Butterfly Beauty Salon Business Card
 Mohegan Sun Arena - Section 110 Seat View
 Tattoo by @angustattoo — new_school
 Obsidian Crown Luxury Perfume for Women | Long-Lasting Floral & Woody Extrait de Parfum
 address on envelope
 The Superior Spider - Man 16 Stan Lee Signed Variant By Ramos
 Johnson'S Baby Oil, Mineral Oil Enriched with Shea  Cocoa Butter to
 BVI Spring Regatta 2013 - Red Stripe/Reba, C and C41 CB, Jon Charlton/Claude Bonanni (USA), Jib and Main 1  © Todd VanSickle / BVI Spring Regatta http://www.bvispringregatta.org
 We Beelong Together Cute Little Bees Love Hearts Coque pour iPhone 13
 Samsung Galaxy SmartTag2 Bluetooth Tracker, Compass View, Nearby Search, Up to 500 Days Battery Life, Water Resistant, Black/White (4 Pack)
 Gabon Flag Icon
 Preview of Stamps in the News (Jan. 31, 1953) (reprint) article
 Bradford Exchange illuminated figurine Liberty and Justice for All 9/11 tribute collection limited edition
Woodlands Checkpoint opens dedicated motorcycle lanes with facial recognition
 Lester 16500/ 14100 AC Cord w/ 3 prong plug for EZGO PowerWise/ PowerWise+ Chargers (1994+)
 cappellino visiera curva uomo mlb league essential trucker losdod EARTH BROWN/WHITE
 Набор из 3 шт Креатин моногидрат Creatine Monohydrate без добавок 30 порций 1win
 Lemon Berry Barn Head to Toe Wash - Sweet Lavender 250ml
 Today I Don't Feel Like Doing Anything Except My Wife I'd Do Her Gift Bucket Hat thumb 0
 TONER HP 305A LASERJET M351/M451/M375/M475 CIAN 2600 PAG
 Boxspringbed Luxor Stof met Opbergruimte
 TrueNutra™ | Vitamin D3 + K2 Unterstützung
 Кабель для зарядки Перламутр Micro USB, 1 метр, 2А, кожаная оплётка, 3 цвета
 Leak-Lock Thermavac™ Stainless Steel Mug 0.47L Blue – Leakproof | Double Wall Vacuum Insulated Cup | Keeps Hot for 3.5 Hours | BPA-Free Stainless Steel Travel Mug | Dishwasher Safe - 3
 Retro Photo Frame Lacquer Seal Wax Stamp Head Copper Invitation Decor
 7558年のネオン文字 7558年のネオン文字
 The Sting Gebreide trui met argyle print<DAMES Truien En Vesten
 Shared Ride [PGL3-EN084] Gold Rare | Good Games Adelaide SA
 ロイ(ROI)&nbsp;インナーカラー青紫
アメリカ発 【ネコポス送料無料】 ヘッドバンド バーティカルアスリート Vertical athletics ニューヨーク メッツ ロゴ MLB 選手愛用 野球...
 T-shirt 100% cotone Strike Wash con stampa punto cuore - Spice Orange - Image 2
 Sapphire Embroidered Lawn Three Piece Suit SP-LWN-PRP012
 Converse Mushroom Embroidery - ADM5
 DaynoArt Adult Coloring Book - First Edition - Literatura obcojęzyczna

- **What the task asks**
Where a line in the records above contains "with", include it in the count, and give only that number.

- **Output of the task**
2